I wrote a post summarising my research into the SEO aspects of a site migration, and I feel the time has come to look back at the migration and the lessons we learned from it.
The site migration was a two-step process – we updated the design and we added new sections with fresh content. We decided to follow the recommendations outlined in my site migration blog post pretty much to the letter:
Content: We phased in the new content one batch of pages at a time. We put a couple of new pages live, linked to them from the homepage, and waited for them to be indexed & cached. Then we put the next batch of new pages online.
Design: The design changes were implemented gradually as well. The old and new designs weren’t radically different, it was more a tweaked & modernised version of the old design, so we felt it would be fine to have the old and new designs co-exist on the site for a while.
We first did a Google Website Optimiser A/B test to make sure the new design yielded at the very least a similar conversion rate. When this was confirmed, we migrated pages to the new design one at a time. The URLs all remained the same so we didn’t have to do any 301-redirects.

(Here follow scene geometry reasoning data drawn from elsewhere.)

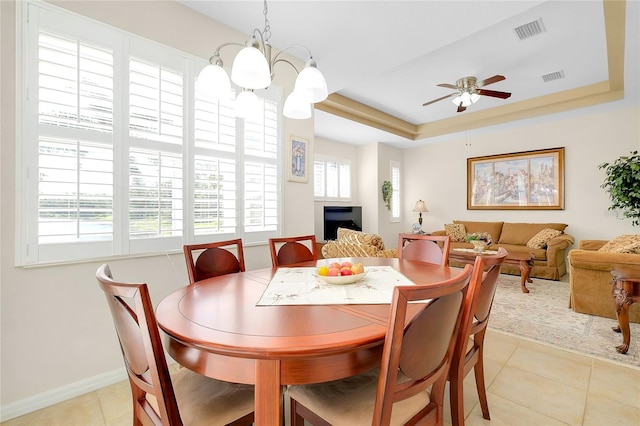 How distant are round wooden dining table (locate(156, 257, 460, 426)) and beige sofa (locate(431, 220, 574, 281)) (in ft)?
15.0

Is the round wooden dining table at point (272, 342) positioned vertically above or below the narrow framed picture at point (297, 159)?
below

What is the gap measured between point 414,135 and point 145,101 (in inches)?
215

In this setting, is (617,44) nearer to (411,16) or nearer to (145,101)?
(411,16)

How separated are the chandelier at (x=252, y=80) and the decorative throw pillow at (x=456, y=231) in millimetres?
4951

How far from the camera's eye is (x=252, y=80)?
129 cm

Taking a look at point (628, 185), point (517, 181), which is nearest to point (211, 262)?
point (628, 185)

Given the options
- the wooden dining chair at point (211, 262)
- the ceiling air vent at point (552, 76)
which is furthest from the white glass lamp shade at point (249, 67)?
the ceiling air vent at point (552, 76)

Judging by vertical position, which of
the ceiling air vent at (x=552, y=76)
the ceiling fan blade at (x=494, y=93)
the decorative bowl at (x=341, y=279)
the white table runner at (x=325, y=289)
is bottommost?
the white table runner at (x=325, y=289)

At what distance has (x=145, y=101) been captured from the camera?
79.2 inches

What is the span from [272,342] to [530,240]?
543cm

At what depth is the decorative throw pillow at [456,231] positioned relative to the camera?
5.60 metres

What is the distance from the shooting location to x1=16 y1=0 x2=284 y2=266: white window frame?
1574mm

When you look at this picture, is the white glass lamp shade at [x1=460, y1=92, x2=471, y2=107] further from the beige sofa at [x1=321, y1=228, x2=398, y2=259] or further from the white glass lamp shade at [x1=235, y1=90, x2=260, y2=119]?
the white glass lamp shade at [x1=235, y1=90, x2=260, y2=119]

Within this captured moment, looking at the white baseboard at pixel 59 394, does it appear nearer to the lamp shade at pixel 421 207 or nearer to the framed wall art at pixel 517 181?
the lamp shade at pixel 421 207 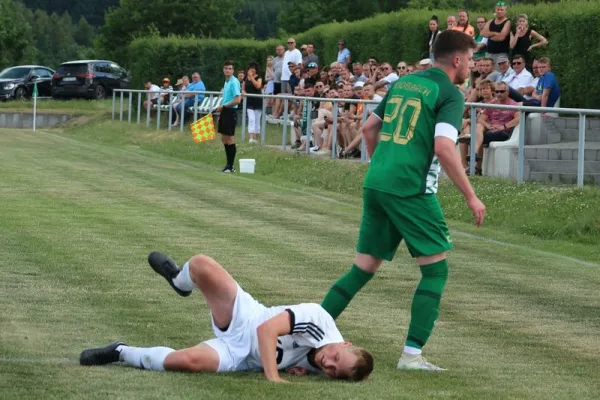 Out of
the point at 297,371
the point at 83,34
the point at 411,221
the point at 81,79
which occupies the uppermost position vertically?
the point at 83,34

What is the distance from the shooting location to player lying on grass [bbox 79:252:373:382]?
7461mm

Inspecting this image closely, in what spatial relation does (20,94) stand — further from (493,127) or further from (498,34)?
(493,127)

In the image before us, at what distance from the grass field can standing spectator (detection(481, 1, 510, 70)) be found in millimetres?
4839

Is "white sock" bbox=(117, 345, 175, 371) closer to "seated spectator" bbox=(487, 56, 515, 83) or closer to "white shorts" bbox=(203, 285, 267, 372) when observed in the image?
"white shorts" bbox=(203, 285, 267, 372)

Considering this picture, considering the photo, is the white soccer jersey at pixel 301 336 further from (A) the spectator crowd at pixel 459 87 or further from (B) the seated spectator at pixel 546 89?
(B) the seated spectator at pixel 546 89

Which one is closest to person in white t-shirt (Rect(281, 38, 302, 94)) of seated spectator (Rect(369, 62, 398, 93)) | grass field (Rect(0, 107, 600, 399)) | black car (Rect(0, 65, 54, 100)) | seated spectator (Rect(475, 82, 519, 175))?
seated spectator (Rect(369, 62, 398, 93))

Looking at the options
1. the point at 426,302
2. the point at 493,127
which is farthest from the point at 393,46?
the point at 426,302

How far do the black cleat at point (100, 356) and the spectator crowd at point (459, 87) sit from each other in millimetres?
9502

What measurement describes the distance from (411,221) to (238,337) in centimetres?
123

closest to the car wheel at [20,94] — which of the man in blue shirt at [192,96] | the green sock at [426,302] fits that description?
the man in blue shirt at [192,96]

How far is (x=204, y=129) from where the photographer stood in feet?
95.7

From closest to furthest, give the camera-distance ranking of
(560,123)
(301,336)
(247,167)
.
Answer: (301,336)
(560,123)
(247,167)

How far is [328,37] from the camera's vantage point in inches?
1459

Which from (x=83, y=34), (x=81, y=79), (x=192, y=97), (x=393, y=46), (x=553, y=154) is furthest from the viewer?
(x=83, y=34) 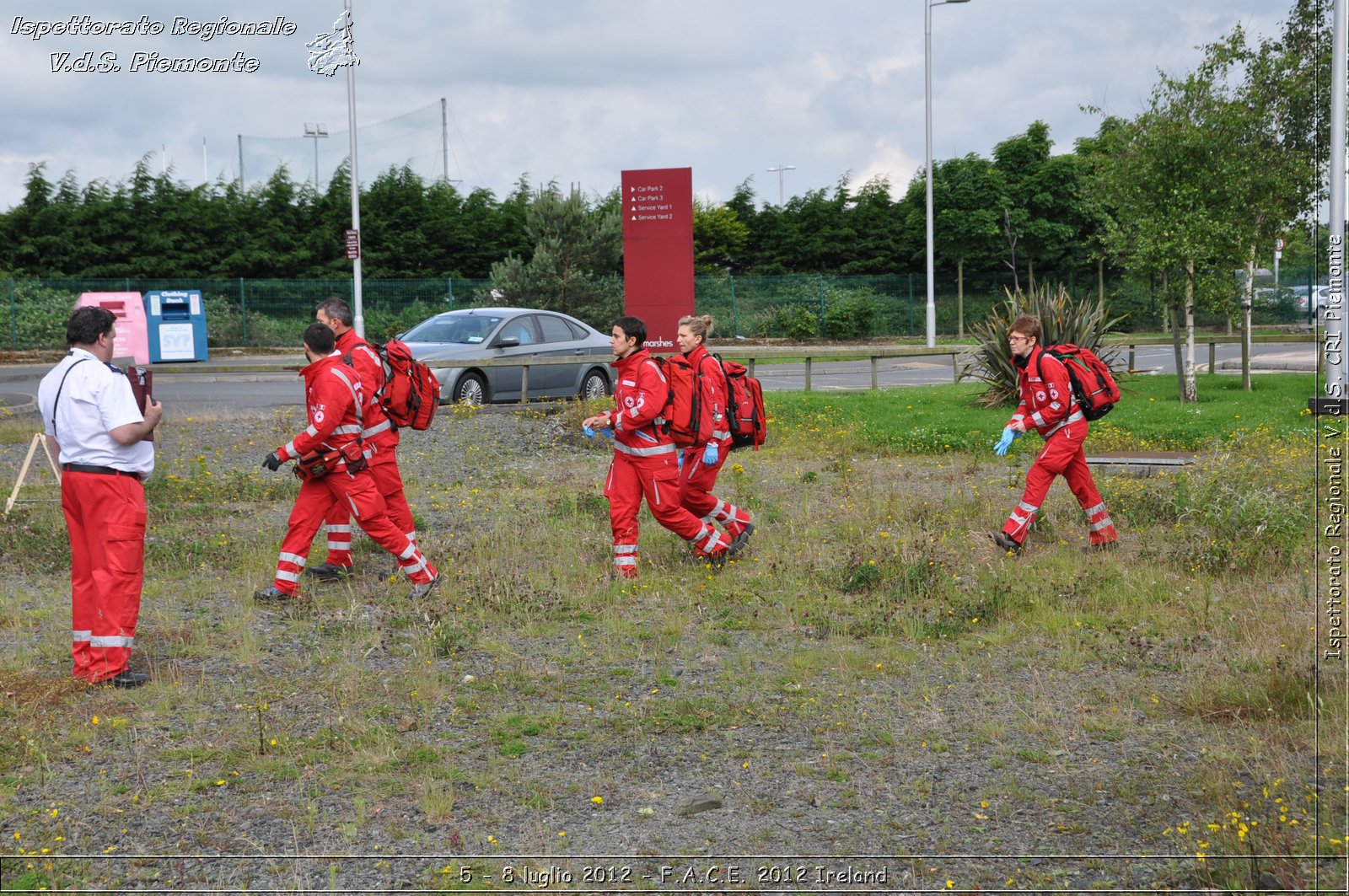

We used the Duplicate Content tool to ensure the HTML code and content of our key pages with high SERP rankings matched at least 90% in the old and new designs, so we wouldn’t get hit with a ranking penalty when we put the new version up.
When a page was updated with the new design, we waited for it to be indexed & cached in Google and checked how its SERP rankings were affected.
The end result was a site with a fresh design and new sections added, with minimal impact on SERP rankings. We did see some fluctuations in rankings but these fell well within the normal daily and weekly ranking variations.
We also noted that the new content started ranking fairly soon for relevant keywords, despite no direct links coming in to those pages. This is most likely due to the incoming link value generated across the rest of the site, spilling over to the new content.
It was a long and labour-intensive process, and in hindsight I’m not sure it would have impacted the rankings massively if we just switched the site over in one go. But as organic search generates a significant portion of the sites traffic and revenue, it was definitely better to be safe.